Ya había terminado de comerme el ayote con miel, cuando un estruendo estrepitoso retumbó seguidamente de gritos entusiasmados.

Los niños alterados de emoción se amotinaron sobre el mar de dulces que cayeron en el suelo y no solo ellos, también un par de adultos ensombrerados y unas jovencitas el cual no perdieron oportunidad de recoger lo que cayeron cerca.

Los demás restantes, que nos limitábamos a observar solo nos unimos a las risas de los niños. Excitados, los que alcanzaron a recoger una buena porción de la olla se levantaban y corrían entre risas donde sus padres a mostrarles.

La pequeña Sofía corrió hacia donde estaba Petra, dentro de la champa con la anciana que repartía comida. Ella se agachó y le mostró un gesto de entero asombro a la niña quien a su ves con orgullo le enseñaba lo que poseía en las manos. Sonreí ante la imagen.
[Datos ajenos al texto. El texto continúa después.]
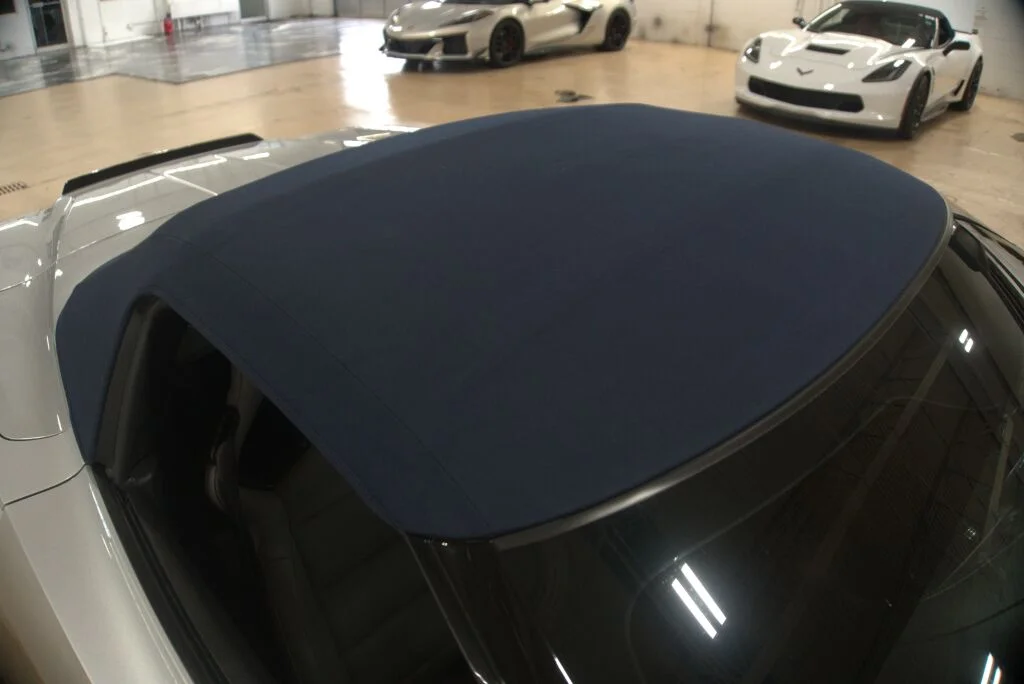 Used 2014 Blade Silver Metallic Chevrolet Stingray image 27
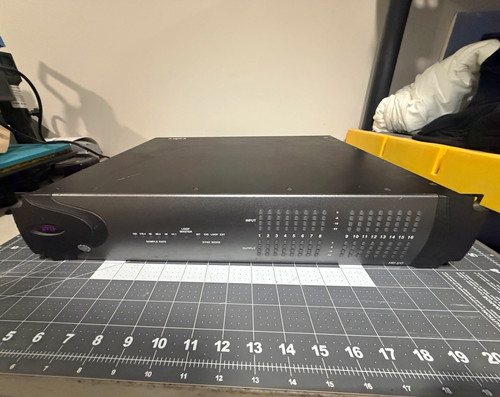 Avid 16x16 analog - analog, +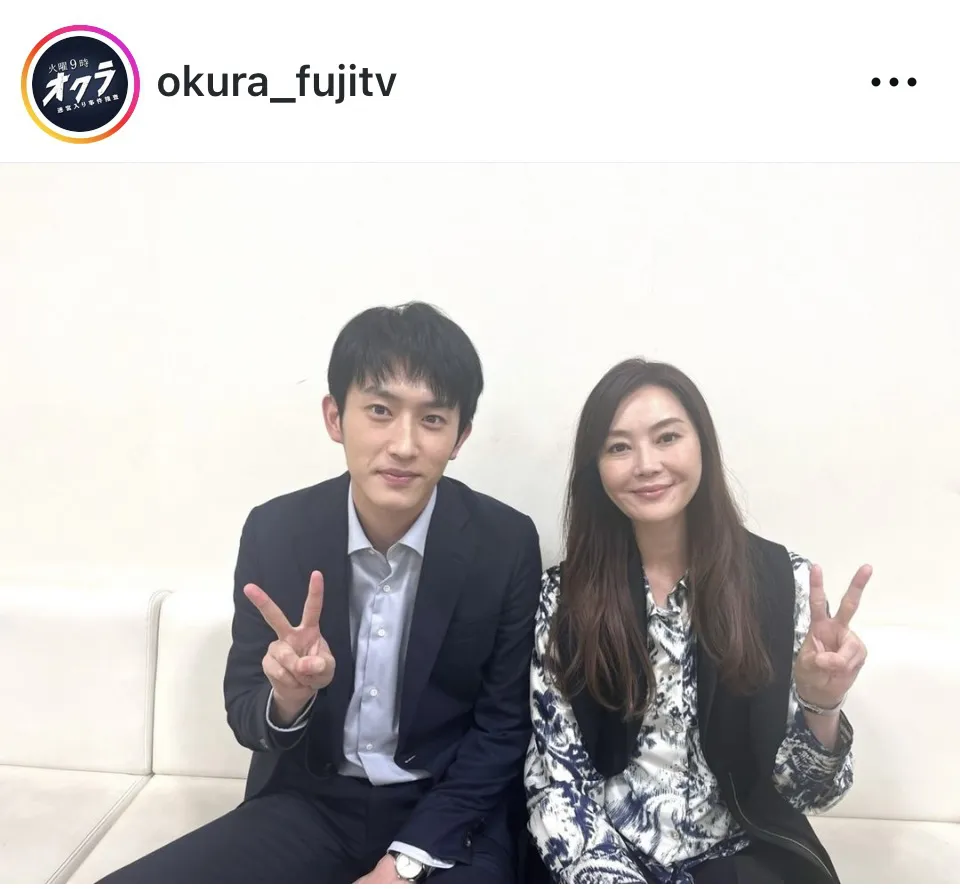 ※ドラマ「オクラ～迷宮入り事件捜査～」公式Instagram(okura_fujitv)より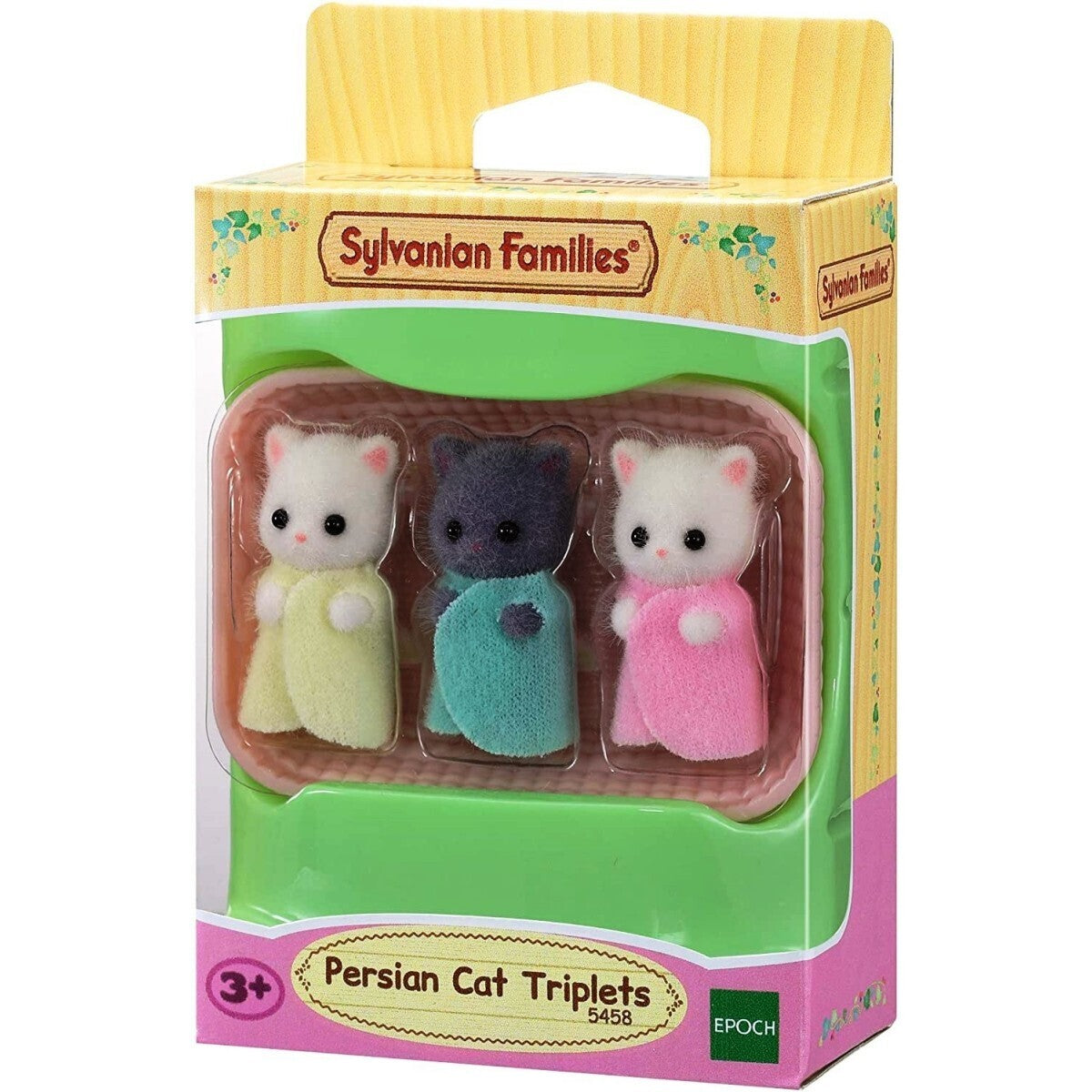 Sylvanian Families - Persian Cat Triplets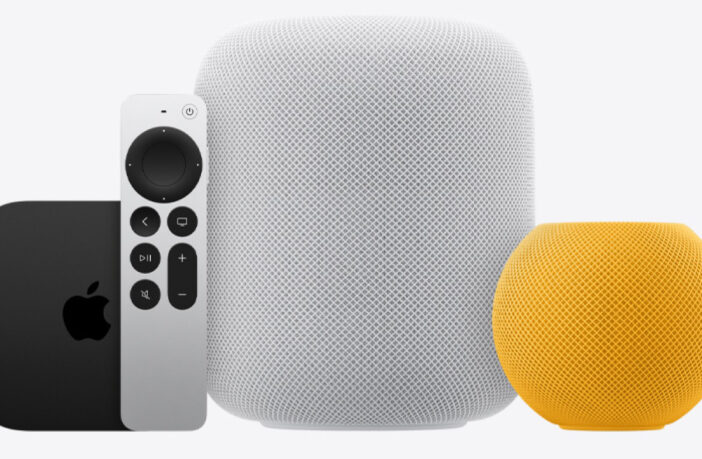 Apple Home Hubs HomePod, mini, TV 4K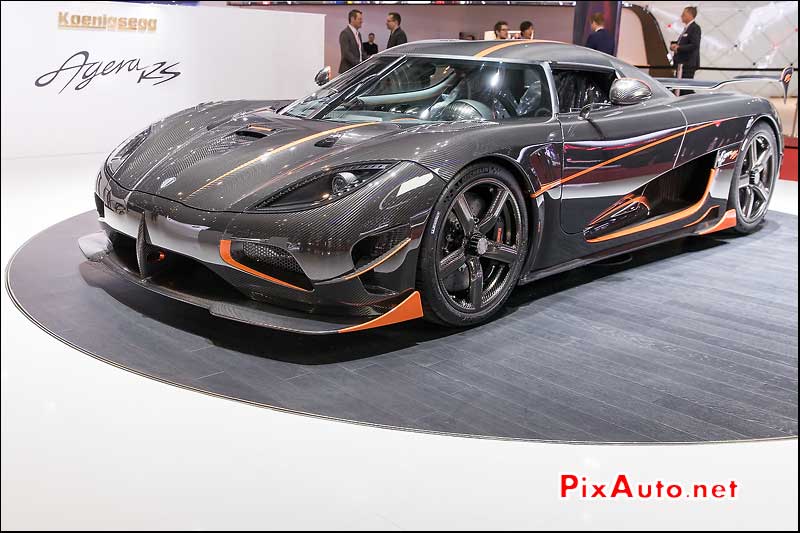 Salon-de-Geneve, Koenigsegg Agera RS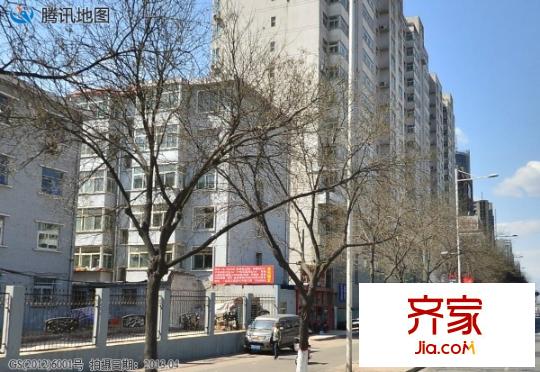 省建四公司宿舍外景圖太原  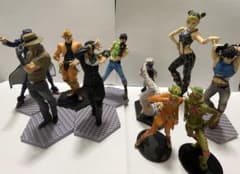 ジョジョの奇妙な冒険 DXコレクションフィギュア等 12体 まとめのサムネイル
En eso, de la nada mi sonrisa irremediablemente se esfumó.

Una figura alta, envuelta en un vestido carmercí oscuro y cabello del color de una alma negra, de repente ocupó mi campo de visión. Ella estorbó con pasos hábiles y amanerados la comodidad y goce que estaba sintiendo.

Lancé un suspiro.

Su cabello caía por su espalda en una gruesa y bien entretejida trenza hasta llegar al final. Todos la saludaban y le sonreían, en especial los niños, algunos hombres con disimulo la volteaban a ver para después recorrerla con los ojos de arriba abajo, esto último me incomodó.

La observé tratando de esconder el interés que debía estarse pintando en mis gestos.

Ella entró en la champa y tomó un plato con pastelitos de carne y en lugar de un vaso tomó un huacal y lo llenó de jugo que al momento se llevó a la boca y bebió, luego, lo volvió a llenar mientras hablaba con la anciana al otro lado de la mesa.

Un hombre le ofreció un banco de madera, a lo que ella aceptó sin rechistar, cerca de una mesita en una esquina dentro de la champa en la que yacía solamente un anciano medio dormido.

Si ella giraba solo un poco la cabeza a la izquierda bien podía chocar miradas conmigo. Pero nunca lo hizo, no sabía si lo hacía adrede o simplemente yacía distraída con los cantores y con los que se habían animado a bailar al son de los cantos.

Si Mohamed había notado su presencia creo que al final no le había importado, porque seguía comiendo y volando lengua al mismo tiempo como si nada.

—Profesora, ¿es cierto que la golpearon en el camino el sábado pasado?

Giré la cabeza y me encontré con el grupito de las tres jovencitas mirándome directamente.

—¿Disculpa?—fingí no haber escuchado con la intención de que ellas repitieran la pregunta.

Por un instante la intención de volver a formular la pregunta hizo que la muchacha dudara pero, presionada por sus dos compañeras al final pudo hacerlo.

—Supimos que la atacaron el día del gran aguacero, ¿es eso cierto? ¿un hombre enmascarado la atacó?